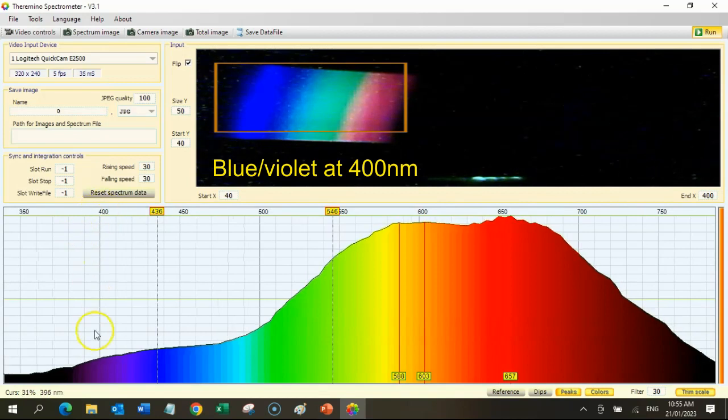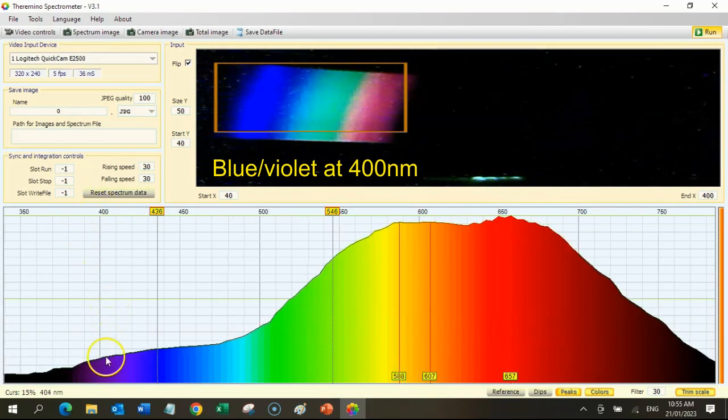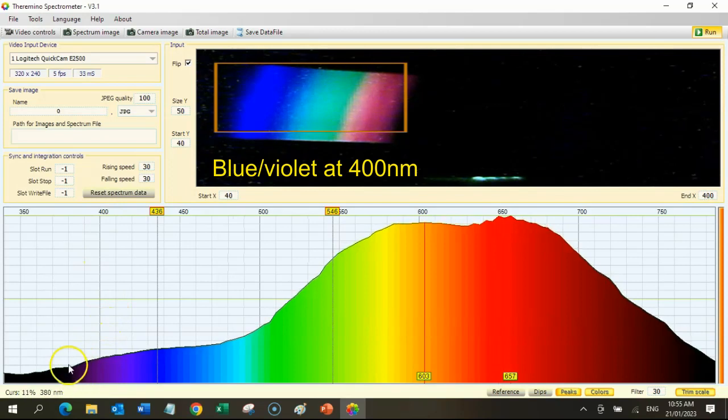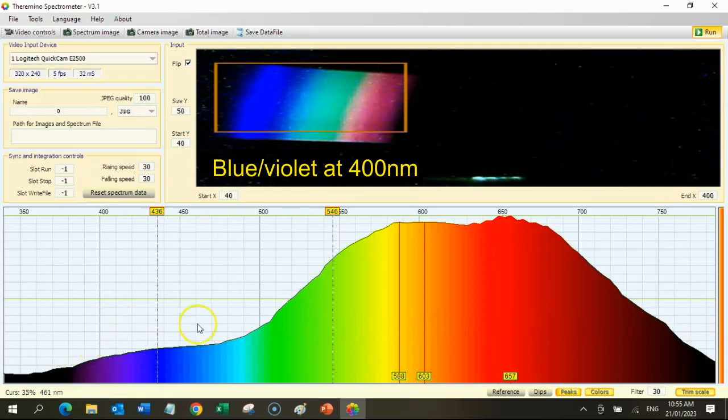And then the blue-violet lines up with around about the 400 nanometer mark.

...

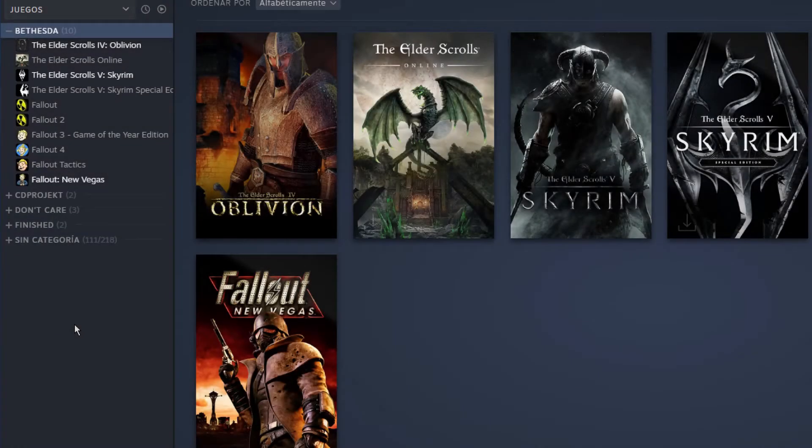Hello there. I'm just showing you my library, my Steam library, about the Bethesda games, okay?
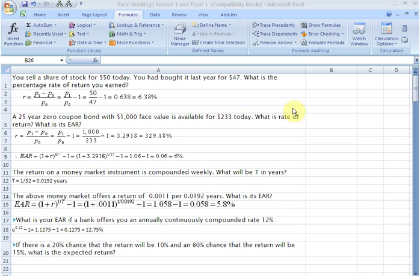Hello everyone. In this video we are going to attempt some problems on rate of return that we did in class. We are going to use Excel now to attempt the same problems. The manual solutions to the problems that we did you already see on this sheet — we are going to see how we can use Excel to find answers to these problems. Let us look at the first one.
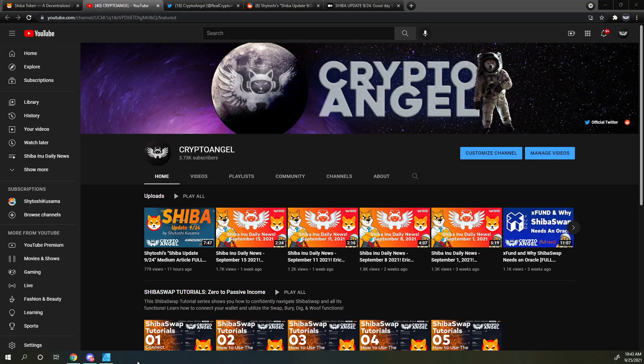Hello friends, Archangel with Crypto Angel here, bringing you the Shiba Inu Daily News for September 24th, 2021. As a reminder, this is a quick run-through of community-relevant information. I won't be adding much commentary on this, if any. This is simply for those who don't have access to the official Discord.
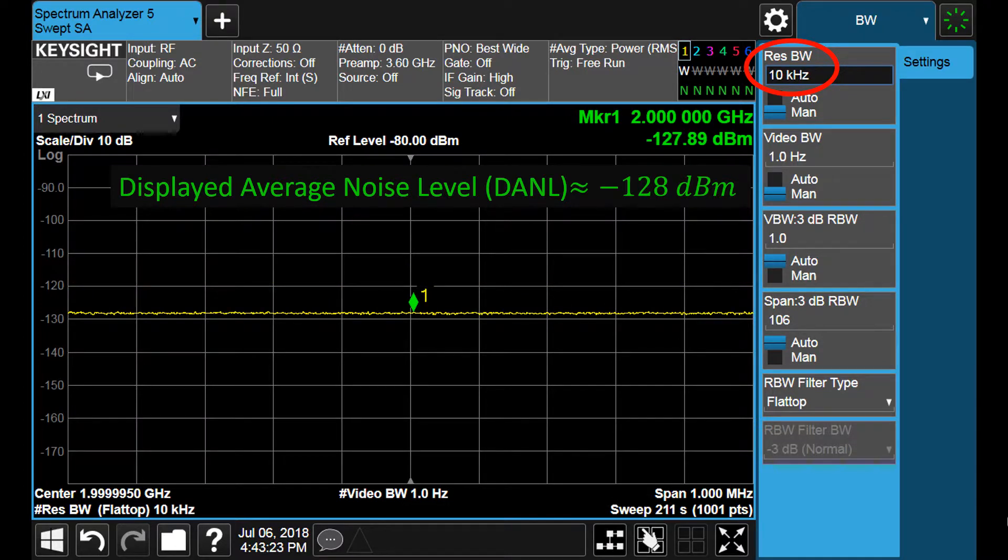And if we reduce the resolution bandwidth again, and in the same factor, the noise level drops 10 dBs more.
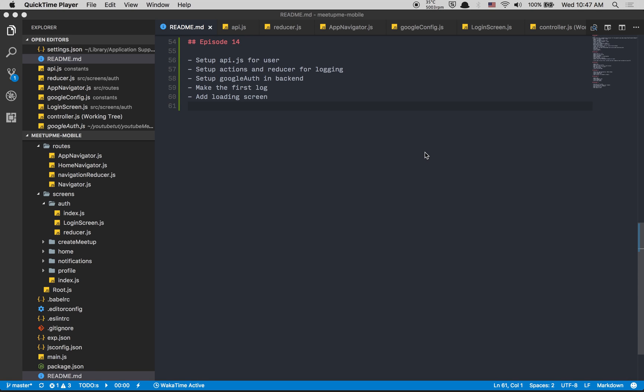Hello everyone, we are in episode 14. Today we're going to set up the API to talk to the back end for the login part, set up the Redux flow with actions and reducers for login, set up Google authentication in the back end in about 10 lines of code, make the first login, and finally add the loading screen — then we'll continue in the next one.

...

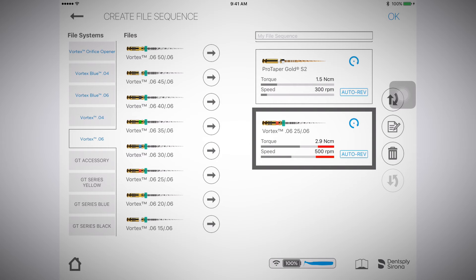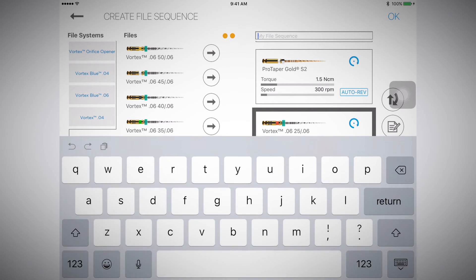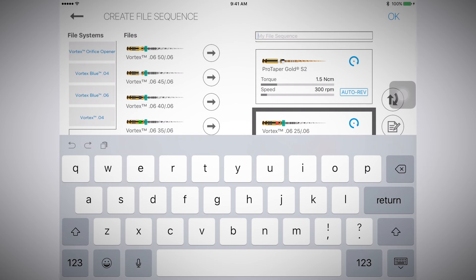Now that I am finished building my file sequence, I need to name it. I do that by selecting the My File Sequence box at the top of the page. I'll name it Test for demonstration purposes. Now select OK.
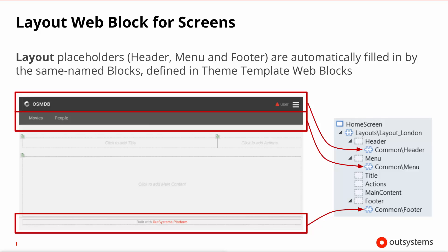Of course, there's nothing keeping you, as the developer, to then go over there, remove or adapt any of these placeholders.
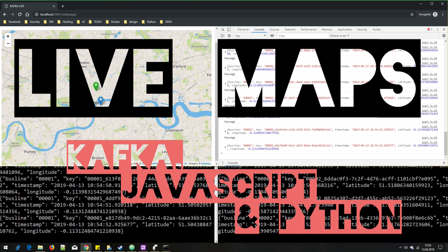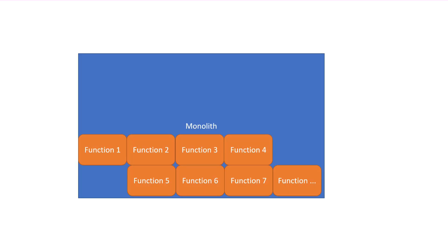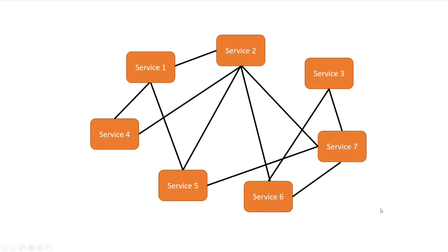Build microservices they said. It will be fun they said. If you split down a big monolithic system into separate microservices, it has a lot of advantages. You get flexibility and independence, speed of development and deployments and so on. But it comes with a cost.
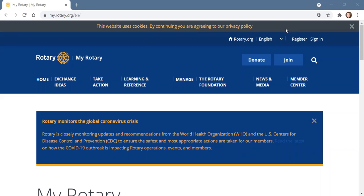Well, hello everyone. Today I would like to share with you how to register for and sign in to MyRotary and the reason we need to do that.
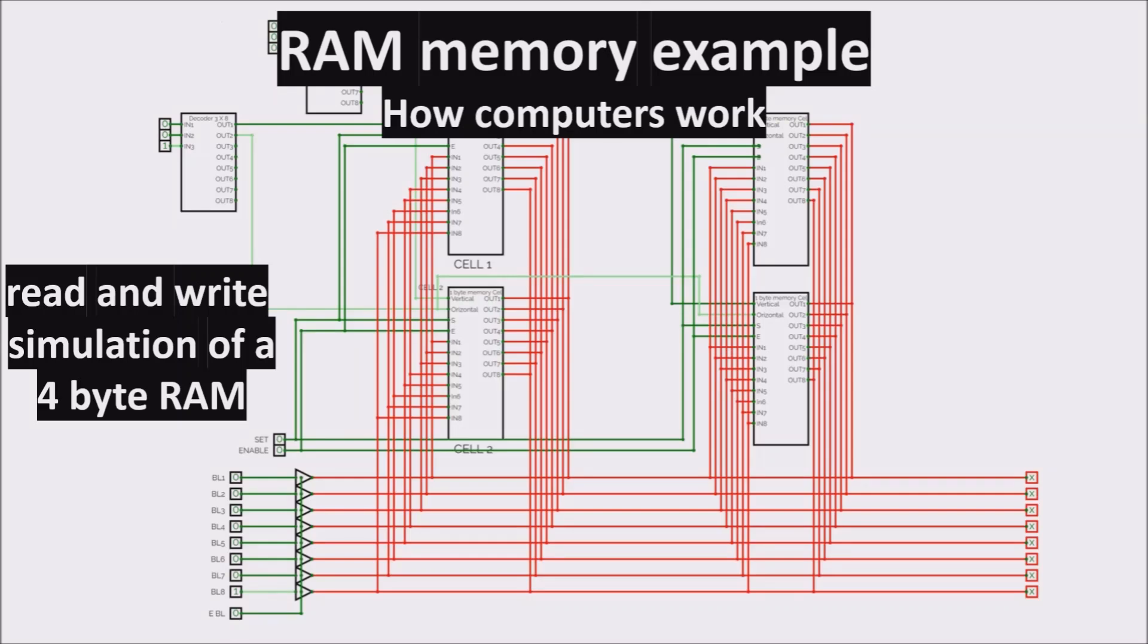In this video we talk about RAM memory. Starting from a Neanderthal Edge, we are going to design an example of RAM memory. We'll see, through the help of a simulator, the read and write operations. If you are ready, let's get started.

**Task**
In the records above, find the line with "Well, hello everyone." and the line with "In this video we talk", then restate word for word only those two lines and all lines between, omitting pictures.

**Result**
Well, hello everyone. Today I would like to share with you how to register for and sign in to MyRotary and the reason we need to do that.
In this video we talk about RAM memory. Starting from a Neanderthal Edge, we are going to design an example of RAM memory. We'll see, through the help of a simulator, the read and write operations. If you are ready, let's get started.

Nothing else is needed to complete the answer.